Check the front toe. Besides my TTS I have a 2013 Focus ST it has a ton of wheel spin and bad tourque steer. I've played with the toe settings and found that with a little toe out .032 it's a lot better and less darty. It still flees like a front driver but made a big difference . Carl


----------



## R6B TT (Feb 25, 2003)

My Mk2 2.0FWD came with Conti Sport Contacts from the factory, it was fine even when mapped up to 265bhp. You could light them up when you wanted to but the light handling was one of the appeals. FWD/ RWD/ Quattro driving techniques are different.


----------



## wja96 (Mar 4, 2010)

You can put the most expensive tyres in the world on a FWD TT and you'll still spin them at will on a damp or wet road. You're putting 200bhp plus through two tiny contact patches and asking them to steer at the same time. It's just a BAD idea.

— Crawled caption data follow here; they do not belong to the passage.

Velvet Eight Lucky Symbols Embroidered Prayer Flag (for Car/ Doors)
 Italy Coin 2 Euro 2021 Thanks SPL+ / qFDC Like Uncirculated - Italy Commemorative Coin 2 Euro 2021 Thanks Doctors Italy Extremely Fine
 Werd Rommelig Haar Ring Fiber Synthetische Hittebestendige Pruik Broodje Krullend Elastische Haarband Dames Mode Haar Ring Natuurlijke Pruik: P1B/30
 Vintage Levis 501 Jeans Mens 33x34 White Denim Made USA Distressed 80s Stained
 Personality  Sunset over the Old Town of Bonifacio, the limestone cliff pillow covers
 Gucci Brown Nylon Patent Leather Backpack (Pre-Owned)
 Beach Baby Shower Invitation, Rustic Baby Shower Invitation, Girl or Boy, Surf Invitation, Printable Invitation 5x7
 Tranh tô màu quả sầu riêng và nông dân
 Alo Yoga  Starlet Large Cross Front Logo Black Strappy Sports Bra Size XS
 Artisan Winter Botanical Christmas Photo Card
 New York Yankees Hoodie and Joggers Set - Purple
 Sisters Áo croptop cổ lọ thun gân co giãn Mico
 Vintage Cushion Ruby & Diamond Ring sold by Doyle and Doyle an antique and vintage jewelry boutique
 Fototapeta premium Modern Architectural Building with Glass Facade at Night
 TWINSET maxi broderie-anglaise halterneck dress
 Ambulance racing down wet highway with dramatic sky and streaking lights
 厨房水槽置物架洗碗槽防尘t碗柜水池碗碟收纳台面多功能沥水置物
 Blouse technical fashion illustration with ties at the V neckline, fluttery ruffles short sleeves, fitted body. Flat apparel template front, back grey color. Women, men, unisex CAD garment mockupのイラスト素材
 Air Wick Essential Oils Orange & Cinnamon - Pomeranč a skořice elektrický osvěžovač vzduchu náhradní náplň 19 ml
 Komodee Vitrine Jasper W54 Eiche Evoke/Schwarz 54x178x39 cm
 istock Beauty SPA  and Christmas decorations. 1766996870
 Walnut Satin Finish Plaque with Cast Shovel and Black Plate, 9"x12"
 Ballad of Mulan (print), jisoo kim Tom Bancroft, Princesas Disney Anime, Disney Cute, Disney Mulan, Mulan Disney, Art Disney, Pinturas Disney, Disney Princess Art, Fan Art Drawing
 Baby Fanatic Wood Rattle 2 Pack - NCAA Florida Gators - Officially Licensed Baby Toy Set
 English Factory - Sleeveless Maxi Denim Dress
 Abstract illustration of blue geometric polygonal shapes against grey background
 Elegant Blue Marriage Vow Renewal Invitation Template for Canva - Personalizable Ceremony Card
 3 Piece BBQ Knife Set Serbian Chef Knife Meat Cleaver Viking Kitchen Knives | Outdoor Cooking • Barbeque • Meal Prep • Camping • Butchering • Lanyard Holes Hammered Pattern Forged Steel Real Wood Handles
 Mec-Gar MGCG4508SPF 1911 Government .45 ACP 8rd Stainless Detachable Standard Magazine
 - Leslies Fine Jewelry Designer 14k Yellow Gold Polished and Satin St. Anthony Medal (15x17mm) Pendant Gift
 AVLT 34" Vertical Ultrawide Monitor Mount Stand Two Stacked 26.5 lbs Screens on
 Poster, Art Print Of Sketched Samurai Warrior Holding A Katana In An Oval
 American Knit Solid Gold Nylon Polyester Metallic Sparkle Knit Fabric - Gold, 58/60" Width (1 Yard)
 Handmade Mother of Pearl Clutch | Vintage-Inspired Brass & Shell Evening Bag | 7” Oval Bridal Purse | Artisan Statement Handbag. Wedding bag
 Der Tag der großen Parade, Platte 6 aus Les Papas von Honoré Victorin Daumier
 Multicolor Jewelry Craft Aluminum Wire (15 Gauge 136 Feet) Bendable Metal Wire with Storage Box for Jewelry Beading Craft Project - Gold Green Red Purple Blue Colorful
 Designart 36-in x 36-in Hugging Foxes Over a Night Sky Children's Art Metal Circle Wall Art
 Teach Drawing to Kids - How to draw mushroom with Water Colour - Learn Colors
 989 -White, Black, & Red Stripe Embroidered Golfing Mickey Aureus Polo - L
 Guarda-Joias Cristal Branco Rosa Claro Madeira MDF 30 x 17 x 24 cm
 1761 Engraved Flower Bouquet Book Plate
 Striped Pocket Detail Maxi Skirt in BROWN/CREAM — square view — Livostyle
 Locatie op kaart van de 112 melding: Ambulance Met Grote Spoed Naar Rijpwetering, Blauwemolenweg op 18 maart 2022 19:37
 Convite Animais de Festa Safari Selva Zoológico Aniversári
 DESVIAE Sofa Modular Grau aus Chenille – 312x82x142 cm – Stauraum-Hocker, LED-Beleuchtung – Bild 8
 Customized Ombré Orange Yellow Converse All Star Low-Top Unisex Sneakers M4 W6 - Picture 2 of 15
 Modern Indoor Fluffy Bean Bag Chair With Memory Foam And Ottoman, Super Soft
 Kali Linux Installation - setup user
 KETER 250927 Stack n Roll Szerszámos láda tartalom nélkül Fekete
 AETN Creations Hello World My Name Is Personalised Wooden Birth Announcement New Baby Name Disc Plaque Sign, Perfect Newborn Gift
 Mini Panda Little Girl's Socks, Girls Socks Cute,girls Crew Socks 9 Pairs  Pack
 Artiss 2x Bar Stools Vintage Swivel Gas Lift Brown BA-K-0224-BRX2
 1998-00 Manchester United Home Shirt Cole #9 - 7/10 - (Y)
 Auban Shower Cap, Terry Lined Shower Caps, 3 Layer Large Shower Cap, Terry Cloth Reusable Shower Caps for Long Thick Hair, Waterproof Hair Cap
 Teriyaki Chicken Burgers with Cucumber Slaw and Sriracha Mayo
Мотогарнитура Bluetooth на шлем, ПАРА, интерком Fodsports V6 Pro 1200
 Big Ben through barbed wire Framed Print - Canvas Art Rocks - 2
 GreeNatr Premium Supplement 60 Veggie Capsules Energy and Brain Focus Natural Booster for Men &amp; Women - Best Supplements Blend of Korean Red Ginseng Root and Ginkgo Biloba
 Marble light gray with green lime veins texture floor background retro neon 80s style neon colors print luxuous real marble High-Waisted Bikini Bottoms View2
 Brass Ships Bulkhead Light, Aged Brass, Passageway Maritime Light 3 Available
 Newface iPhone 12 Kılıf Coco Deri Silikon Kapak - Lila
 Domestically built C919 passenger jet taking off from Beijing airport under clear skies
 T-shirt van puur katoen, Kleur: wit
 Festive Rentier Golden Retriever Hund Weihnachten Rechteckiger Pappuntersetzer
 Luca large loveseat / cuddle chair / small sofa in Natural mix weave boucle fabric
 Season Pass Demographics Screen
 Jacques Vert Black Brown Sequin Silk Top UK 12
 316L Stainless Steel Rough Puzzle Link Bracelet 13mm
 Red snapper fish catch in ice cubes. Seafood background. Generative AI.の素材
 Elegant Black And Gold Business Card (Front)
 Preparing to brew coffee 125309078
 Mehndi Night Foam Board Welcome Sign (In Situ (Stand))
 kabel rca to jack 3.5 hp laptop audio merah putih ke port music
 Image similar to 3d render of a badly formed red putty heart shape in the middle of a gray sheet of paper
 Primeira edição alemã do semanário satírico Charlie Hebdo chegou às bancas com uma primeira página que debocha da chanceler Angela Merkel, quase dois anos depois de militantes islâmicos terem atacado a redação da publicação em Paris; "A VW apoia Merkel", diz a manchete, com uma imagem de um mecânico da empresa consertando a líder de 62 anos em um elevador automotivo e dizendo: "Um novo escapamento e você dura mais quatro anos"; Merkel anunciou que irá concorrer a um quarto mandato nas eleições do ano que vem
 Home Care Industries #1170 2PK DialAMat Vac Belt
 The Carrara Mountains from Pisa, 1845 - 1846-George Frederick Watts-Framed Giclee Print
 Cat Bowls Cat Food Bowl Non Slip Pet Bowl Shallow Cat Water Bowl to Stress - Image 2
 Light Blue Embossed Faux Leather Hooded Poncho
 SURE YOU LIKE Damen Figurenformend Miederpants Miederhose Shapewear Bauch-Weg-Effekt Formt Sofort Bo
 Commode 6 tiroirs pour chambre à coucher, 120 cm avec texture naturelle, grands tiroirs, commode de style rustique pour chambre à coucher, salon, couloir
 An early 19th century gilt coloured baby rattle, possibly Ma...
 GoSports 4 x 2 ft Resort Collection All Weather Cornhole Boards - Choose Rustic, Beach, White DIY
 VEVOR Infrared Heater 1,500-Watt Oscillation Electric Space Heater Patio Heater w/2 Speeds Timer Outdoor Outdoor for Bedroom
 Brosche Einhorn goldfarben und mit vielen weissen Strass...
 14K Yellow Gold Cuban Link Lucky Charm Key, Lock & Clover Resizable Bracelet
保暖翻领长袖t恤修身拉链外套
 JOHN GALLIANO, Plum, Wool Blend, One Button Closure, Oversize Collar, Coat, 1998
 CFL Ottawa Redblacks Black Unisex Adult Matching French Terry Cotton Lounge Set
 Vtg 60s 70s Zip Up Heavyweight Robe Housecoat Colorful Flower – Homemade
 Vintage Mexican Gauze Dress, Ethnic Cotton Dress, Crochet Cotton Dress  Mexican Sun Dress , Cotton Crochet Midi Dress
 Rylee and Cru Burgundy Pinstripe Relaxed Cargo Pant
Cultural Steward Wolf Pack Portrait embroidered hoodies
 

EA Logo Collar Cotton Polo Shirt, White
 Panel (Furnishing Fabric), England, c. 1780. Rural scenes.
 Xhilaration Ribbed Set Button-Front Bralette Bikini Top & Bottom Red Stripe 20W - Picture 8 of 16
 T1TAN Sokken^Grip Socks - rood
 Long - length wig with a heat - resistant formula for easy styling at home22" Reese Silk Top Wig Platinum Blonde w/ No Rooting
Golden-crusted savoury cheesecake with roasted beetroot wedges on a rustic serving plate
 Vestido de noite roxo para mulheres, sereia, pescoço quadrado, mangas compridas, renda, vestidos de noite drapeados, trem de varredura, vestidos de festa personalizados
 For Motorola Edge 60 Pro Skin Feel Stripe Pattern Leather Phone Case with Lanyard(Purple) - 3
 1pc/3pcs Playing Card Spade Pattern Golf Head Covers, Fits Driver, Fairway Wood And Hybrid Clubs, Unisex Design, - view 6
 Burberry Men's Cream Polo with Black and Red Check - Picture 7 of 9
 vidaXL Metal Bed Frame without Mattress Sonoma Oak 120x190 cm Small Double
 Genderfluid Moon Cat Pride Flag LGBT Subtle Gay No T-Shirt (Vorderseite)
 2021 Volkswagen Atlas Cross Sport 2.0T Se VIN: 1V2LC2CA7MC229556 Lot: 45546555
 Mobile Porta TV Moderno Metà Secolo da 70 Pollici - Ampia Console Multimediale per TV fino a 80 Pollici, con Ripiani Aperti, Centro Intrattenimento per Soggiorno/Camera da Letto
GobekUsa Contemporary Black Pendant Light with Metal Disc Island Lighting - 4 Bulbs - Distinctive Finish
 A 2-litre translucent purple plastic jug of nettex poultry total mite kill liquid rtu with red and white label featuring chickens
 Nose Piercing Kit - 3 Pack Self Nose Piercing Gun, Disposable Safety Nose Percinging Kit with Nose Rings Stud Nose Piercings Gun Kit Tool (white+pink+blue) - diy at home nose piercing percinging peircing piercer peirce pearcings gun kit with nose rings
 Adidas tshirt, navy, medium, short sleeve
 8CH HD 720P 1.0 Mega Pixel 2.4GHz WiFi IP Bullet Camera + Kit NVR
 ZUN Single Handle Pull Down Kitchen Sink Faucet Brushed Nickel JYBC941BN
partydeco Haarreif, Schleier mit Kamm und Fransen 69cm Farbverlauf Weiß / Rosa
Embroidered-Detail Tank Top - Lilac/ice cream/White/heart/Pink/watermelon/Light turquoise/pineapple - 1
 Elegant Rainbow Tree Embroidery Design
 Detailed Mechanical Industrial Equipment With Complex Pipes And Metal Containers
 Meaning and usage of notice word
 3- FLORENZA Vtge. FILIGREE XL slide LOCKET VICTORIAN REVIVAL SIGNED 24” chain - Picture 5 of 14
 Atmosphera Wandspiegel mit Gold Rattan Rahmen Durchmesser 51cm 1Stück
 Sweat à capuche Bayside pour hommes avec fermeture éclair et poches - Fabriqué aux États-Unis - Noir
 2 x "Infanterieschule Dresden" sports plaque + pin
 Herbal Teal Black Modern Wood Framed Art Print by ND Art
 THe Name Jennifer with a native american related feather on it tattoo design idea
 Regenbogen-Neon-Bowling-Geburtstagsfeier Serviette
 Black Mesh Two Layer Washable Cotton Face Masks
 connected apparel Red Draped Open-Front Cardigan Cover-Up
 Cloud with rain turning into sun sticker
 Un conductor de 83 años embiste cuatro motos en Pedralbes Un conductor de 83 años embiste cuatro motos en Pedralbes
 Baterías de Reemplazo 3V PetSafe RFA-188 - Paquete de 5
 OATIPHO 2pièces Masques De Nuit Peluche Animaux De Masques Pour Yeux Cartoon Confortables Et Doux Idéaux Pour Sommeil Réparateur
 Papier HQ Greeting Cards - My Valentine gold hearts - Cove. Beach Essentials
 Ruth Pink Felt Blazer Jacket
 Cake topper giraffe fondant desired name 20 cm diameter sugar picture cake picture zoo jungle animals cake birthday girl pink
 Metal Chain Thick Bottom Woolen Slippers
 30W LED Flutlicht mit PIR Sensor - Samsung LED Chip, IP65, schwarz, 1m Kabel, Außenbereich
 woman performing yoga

Given that you can get momentary wheel spin on a quattro car, you have no hope of flooring it at a junction in a FWD car. I have driven 255bhp Shark tuned FWD TT's and you have to be very sympathetic to the throttle, even with something like Yokohama A008's on the car.

Have a look at the Whiteline Anti-lift Kit (WALK) as that does wonders for the VAG FWD platform's initial traction and general stability.


----------



## Si (Oct 17, 2005)

Well... some good news!

I've been working long hours and not had a chance to try anything, but I had a quick blast this evening and was sliding around again, going from 30 to 60mph.

I took it down to Sainsbury's and checked the tyres. The fronts were 24 and 26 instead of 32 and the backs were 20 and 22 instead of 26.

So, I inflated them to the correct pressures and instantly the problem has gone. Now I feel like a plank for not having checked them, but as it came from an Audi dealer and was like it from the very first drive, I kind of thought they'd have at least pumped the tyres up!

I'm starting to think that those "used approved" cars are nothing of the sort! Ship them in and ship them out, without so much as checking the tyre pressures!

So, a happy ending and it's sooooo much nicer to drive now!

Si


----------



## angrybritain (Feb 13, 2013)

Sorry mate, my Golf GTi Mk5 used to do that. Basically the same car.

You'll get the hang of it after a while - or lots of loyalty points at Kwik Fit!


----------